Wanting to learn more about why Avaya developed the solution, I followed up with its creator, David Chavez, vice president, architecture and innovation, in a telephone briefing. Today's contact centers are optimized to handle landline callers. When a customer calls into the contact center using a toll-free 8XX number, a company can gather and use caller ID and geographic location to route the call to an appropriate automated or assisted resource. While "free" to the caller, the company pays the carrier for the time spent on each 800 call. And, in a world of omnichannel interactions, the 800 number remains voice-only (unless a contact center adds another service provider, such as messaging company Webtext, to the mix, he explained.
The problem, as recent U.S. government data demonstrates, is that more than one-half of American homes (52.5%) had only mobile service during the first half of 2017--an increase of 3.2% since the first half of 2016. And when a mobile customer calls using an 8XX number, the caller ID is unreliable. Since mobile operators don't base calling plans on geographic area code, most consumers don't change their mobile numbers if they move.
For me, the fact that area code doesn't equal location has meant I have had a "714" mobile area code even though I haven't lived in southern California for a dozen years. Routing my calls based on that area code is not only unreliable, it can lead to delivery of bad customer service. Such is the case for my mobile carrier, which continues to offer me customer service only during the 8 a.m. to 7 p.m. window -- in the Pacific time zone. And companies that call my mobile number trying to market Orange County, Calif.-based lawn or home security services are wasting resources.

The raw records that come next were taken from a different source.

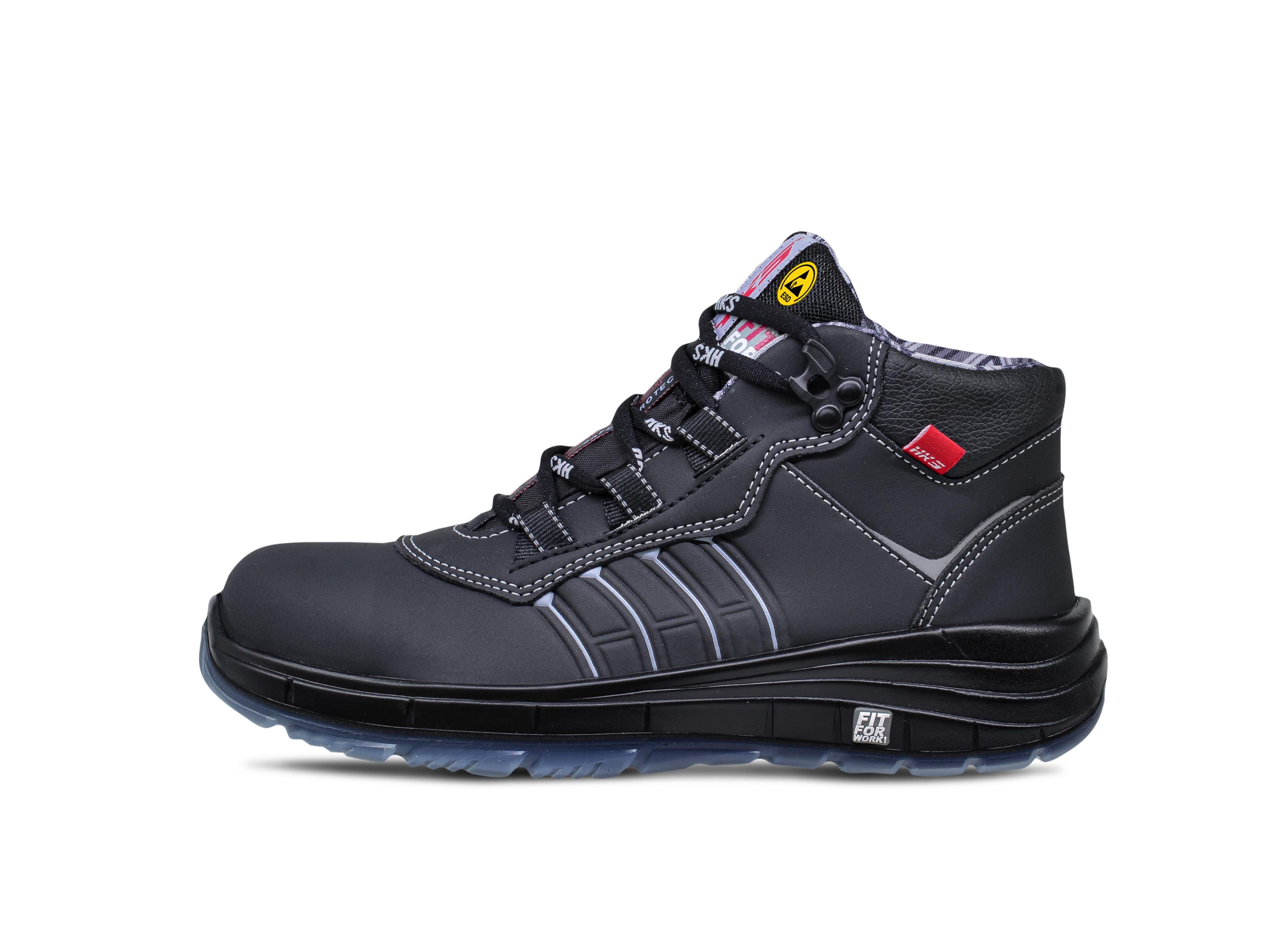 Venus 1 TP — view 1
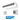 Daikin 10kW Ceiling Suspended Split System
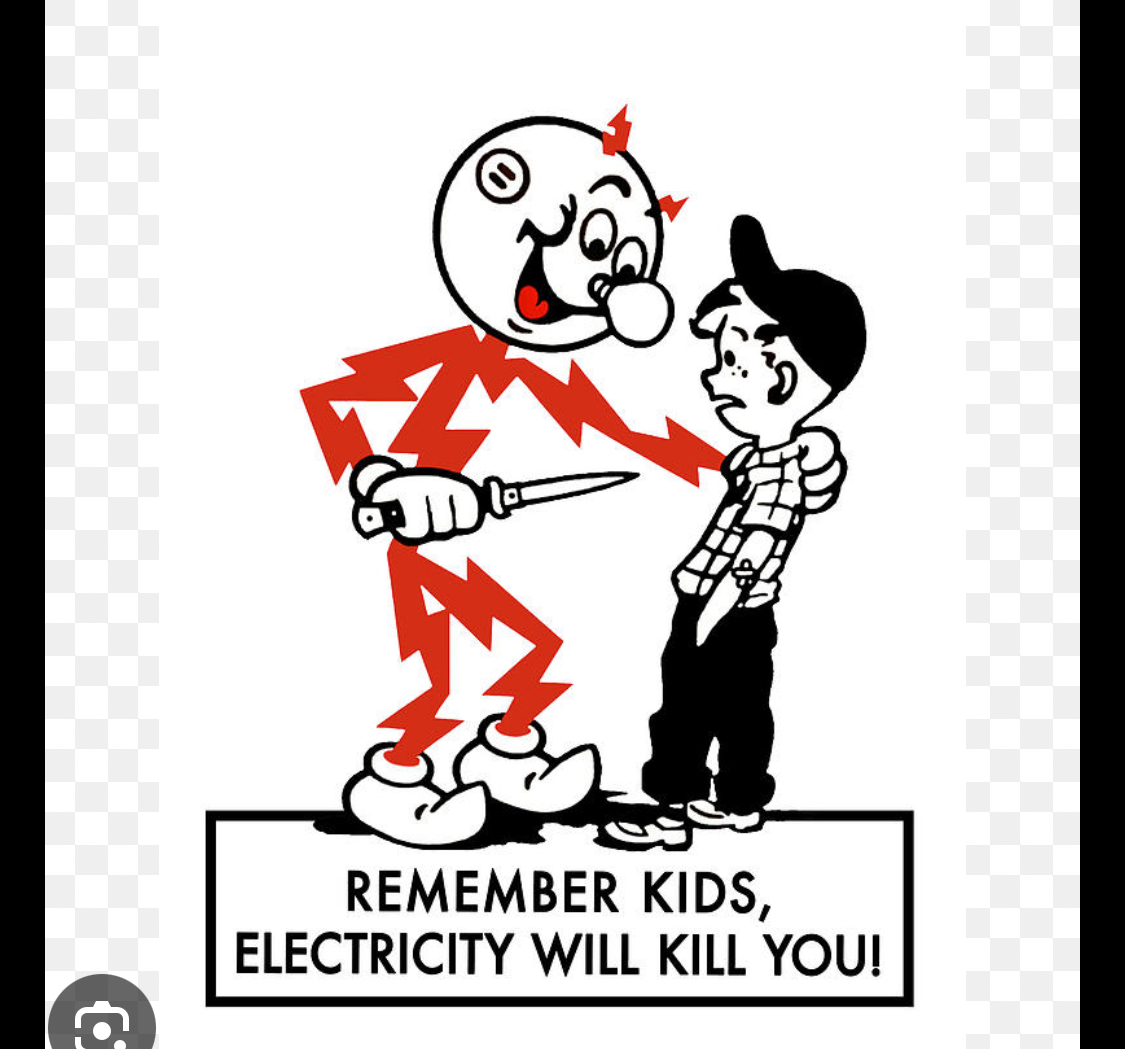 Avatar for Guccilectric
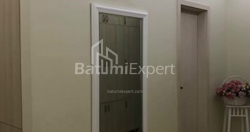 Բնակարան 143 մ² - Անգիսա, Batumi, Վրաստан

This diagram shows the difference Avaya Mobile Experience can make. Step one involves a company either porting its existing 8XX number to Avaya or creating a new toll-free number. From there, using an online configuration tool, the company decides which of three scenarios happen when it receives an inbound call from the number.
- This scenario is the most feature-rich outcome. Avaya Mobile Experience detects a mobile device and offers a smartphone-based interaction. If the customer opts for a mobile experience, the toll-free call ends, and the Avaya software sends an SMS message with a link that allows the customer to proceed via text or mobile app.
- In this scenario, if Avaya Mobile Experience recognizes a mobile caller but the customer declines a mobile experience, the caller continues to the contact center. But unlike a typical landline call, the Avaya software can present the agent with augmented mobile context. The possibilities include the home location of the caller or the billing address -- either of which could be used to route the customer based on meaningful location information. Also, because this is a known mobile caller, the company can choose to apply specialized routing treatment.
- Calls from the landline network continue directly to the contact center.
The first customer will begin using Avaya Mobile Experience this month, with an additional five to 15 companies added in a controlled introduction starting this May, Chavez said. If all goes as expected, he added, the service will become generally available later in 2018. He didn't provide reference names, but I wouldn't be surprised if initial customers come from the retail industry, where helping a mobile customer with an issue in real time can make the difference between a sale and no sale.
From a geographic perspective, Avaya Mobile Experience will initially be available in the United States and to Canadian customers dialing U.S.-based 8XX numbers. Nothing technically prevents Avaya from offering the service in additional countries, Chavez reported. But obtaining agreements with individual carriers and in-country regulatory bodies would not be trivial, as it never is.
For me, one of the most important aspects of Avaya Mobile Experience is that it showcases Avaya's deep knowledge of carrier networks. Part of this expertise comes from its AT&T heritage. Twenty years ago, Chavez was a Distinguished Member of Technical Staff (DMTS) at Bell Labs, a title that carries significant prestige to those of us who started our careers at AT&T. For other readers, DMTS in its day held the panache of today's Cisco Fellow title, held by, for example, Cullen Jennings. Many DMTS who started their careers at Bell Labs still work at today's Avaya, especially in technical roles. The other part of Avaya's carrier expertise derives from its two-year-old Zang, the combination of acquired Esna assets and platform-based communications capabilities (similar to those from Twilio).
At Avaya Engage, company executives promised a new, more nimble company. Avaya Mobile Experience speaks to a more innovative company as well... an attribute it's nice to be applying to Avaya again.